Threat actors have been exploiting a website access control mistake to copy personal information held by one of the world’s biggest credit rating agencies, according to a news report.
Cybersecurity reporter Brian Krebs says that by knowing how to edit a URL, anyone could have seen the credit rating information held by Experian.
Normally individuals would have to answer several questions online about their financial history to prove their identity. However, with a little knowledge of any individual to start with — their name, address, birthday and Social Security number — and knowledge of the URL weakness, any credit history was available.
Krebs says he was tipped off about the weakness by a Ukrainian security researcher, who learned identity thieves knew how to use the URL bypass after monitoring chat channels used by crooks on the Telegram text messaging service.
The vulnerability was closed in December. It isn’t known how long the vulnerability was available or how many threat actors took advantage of it.
IT World Canada asked Experian for comment seven days ago. No response has been received.
Adam Greenhill, a security engineer at Healthcare of Ontario Pension Plan and a co-lead of the Toronto chapter of the Online Web Application Security Project, said OWASP would categorize this as a broken access control issue (A01-2021). It ranks in the top 10 in OWASP’s list of common web-related vulnerabilities.

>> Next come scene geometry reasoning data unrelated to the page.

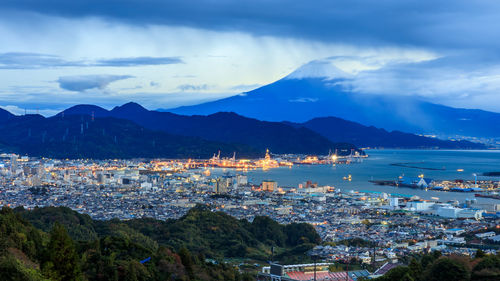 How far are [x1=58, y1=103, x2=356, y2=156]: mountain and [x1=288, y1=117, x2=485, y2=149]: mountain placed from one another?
55.7 feet

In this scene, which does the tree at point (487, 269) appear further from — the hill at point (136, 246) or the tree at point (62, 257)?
the tree at point (62, 257)

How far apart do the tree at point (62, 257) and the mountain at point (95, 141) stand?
64.4 meters

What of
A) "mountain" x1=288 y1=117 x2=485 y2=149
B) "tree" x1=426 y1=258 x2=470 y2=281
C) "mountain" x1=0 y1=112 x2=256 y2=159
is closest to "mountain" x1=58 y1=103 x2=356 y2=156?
"mountain" x1=0 y1=112 x2=256 y2=159

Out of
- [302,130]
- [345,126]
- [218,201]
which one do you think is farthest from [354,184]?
[345,126]

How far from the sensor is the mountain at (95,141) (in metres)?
74.4

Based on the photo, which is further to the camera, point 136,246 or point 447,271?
point 136,246

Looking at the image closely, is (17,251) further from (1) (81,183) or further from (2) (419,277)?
(1) (81,183)

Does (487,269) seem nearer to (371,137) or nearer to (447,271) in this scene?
(447,271)

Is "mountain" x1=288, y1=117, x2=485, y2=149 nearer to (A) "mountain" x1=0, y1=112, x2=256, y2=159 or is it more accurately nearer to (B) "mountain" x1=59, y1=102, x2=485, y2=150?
(B) "mountain" x1=59, y1=102, x2=485, y2=150

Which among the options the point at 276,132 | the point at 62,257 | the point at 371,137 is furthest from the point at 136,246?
the point at 371,137

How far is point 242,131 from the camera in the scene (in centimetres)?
9469

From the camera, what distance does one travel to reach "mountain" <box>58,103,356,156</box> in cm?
8519

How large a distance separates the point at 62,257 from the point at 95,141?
73.7 m

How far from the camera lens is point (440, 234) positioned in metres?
19.9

“It happens a lot,” he said in an interview. “The underlying root cause is authorization is not being enforced in the application.”
To get access to an individual’s credit rating when the vulnerability was available, a person started by filling in an online application with personal information (name, address, birthdate and Social Security number) for identity verification. That took them to a page with several personal questions that had to be answered, such as ‘which of the following addresses did you used to live at’. A wrong answer would deny access to the report. However, anyone who knew how to edit the URL of that page could get the credit report.

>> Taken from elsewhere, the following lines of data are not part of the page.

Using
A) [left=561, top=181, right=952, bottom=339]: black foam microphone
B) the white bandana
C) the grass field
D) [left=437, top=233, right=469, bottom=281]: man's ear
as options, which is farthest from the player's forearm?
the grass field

The trick was to modify the page’s trailing URL from “/acr/oow/” to “/acr/report,” to have the site give access to a requested report.
This type of vulnerability can be avoided by web developers through proper threat modeling. Greenhill said, and by making sure authentication is enforced everywhere the design has specified. Before the application goes live, he added, a penetration test should also be done as a second check.

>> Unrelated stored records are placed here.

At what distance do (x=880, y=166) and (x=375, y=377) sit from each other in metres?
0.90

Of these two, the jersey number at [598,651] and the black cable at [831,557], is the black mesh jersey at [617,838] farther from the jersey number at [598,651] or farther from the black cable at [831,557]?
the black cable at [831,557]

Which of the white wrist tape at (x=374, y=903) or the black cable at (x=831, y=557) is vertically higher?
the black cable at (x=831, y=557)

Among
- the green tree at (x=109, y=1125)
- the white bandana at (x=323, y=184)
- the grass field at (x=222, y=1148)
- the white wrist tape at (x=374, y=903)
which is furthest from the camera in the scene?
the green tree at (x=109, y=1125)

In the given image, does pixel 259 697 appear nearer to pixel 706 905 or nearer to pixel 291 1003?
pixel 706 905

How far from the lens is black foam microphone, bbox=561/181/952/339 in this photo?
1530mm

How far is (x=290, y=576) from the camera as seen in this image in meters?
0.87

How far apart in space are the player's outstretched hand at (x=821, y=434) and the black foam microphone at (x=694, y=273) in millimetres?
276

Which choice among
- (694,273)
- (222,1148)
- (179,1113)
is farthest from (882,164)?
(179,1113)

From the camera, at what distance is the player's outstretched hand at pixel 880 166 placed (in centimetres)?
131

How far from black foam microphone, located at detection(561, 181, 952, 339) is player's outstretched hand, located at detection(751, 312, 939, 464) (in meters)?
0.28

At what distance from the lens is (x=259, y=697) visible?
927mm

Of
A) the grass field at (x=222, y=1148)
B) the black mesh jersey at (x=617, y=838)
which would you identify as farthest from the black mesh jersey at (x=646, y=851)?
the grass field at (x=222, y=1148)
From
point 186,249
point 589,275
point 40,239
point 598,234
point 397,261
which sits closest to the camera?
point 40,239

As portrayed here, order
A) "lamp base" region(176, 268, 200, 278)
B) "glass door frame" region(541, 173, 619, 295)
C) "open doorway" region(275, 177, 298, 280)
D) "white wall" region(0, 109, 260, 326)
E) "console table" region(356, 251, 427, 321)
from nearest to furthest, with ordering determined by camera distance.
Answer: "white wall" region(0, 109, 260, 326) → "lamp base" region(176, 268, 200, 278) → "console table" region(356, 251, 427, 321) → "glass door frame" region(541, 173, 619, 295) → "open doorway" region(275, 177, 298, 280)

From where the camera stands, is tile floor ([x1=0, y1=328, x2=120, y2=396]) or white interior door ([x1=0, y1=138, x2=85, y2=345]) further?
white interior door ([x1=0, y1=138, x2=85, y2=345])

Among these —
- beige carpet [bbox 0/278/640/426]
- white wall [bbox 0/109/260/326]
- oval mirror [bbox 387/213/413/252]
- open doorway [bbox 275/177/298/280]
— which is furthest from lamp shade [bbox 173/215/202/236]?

Asked if many web developers think like a hacker, Greenhill replied that they usually have other priorities. “Most developers are paid to implement features. If they don’t have the budget or time to implement security, and it isn’t a design requirement, then it may be overlooked.”
It’s more common today for students to be taught web security in application development courses, he said. But, he added, “development teams are under extreme pressure to get things done quickly, so security can be put on the back burner.”
OWASP says access control is only effective in trusted server-side code or a server-less API where the attacker cannot modify the access control check or metadata.